_WORK INSTRUCTION_: Copy exactly, beginning with the line holding "Building Photo - 7334 Prickley Pear Dr" and ending with the final line of the data beneath this task; copy nothing else, and leave out every picture.

_DATA PROVIDED_:
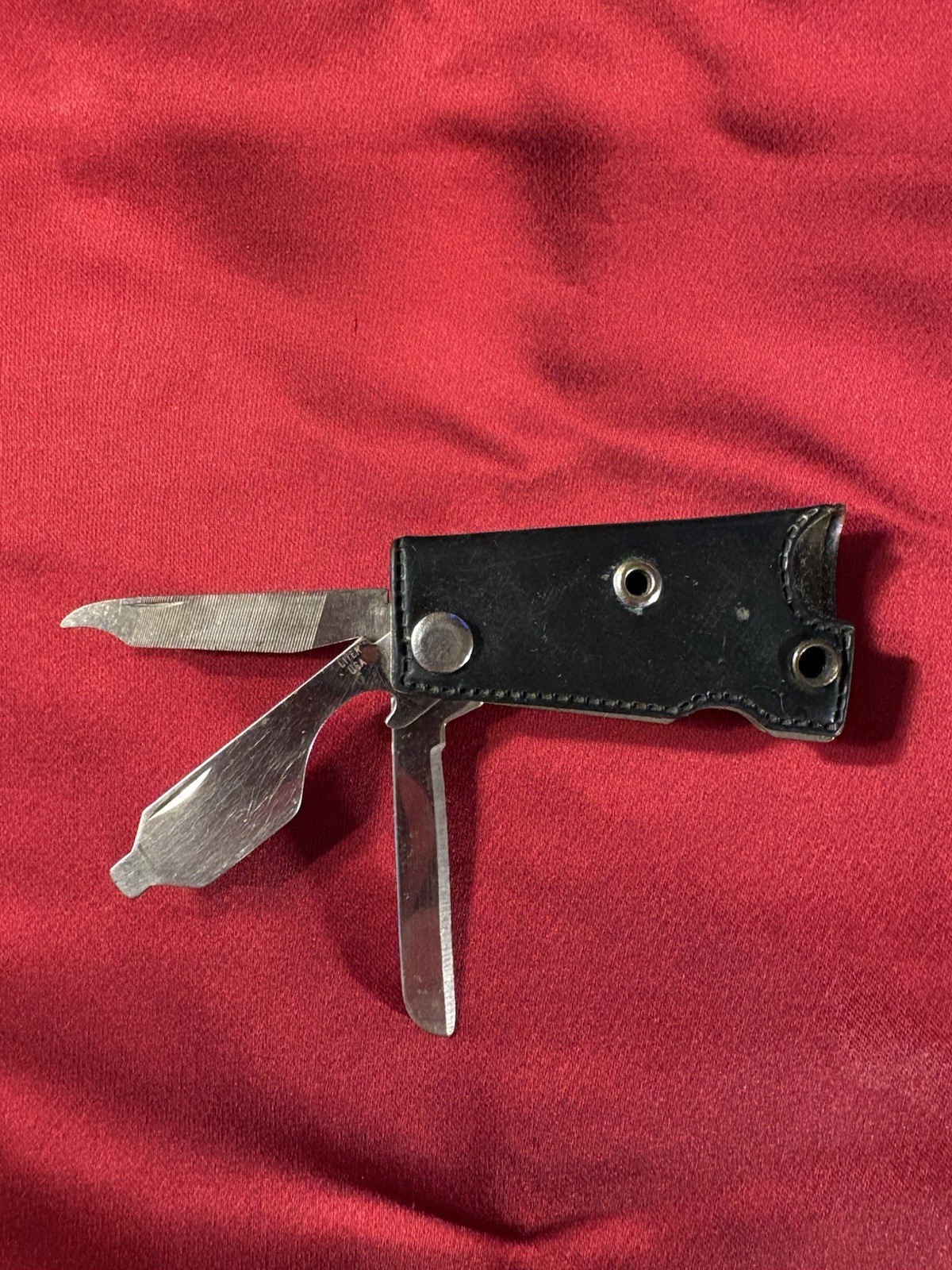 POCKET TOOL with Leather Holder: Screw Driver, Bottle Opener, File, Knife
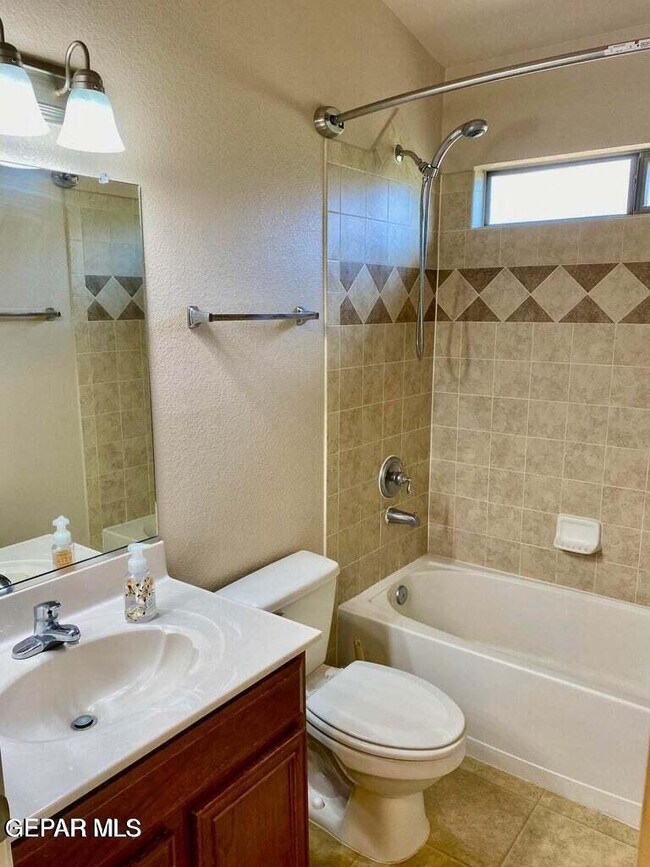 Building Photo - 7334 Prickley Pear Dr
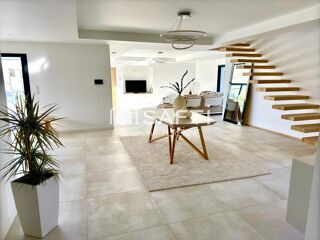  Maison � vendre 6 pi�ces 220 m�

_OUTPUT OF THE TASK_:
 Building Photo - 7334 Prickley Pear Dr
  Maison � vendre 6 pi�ces 220 m�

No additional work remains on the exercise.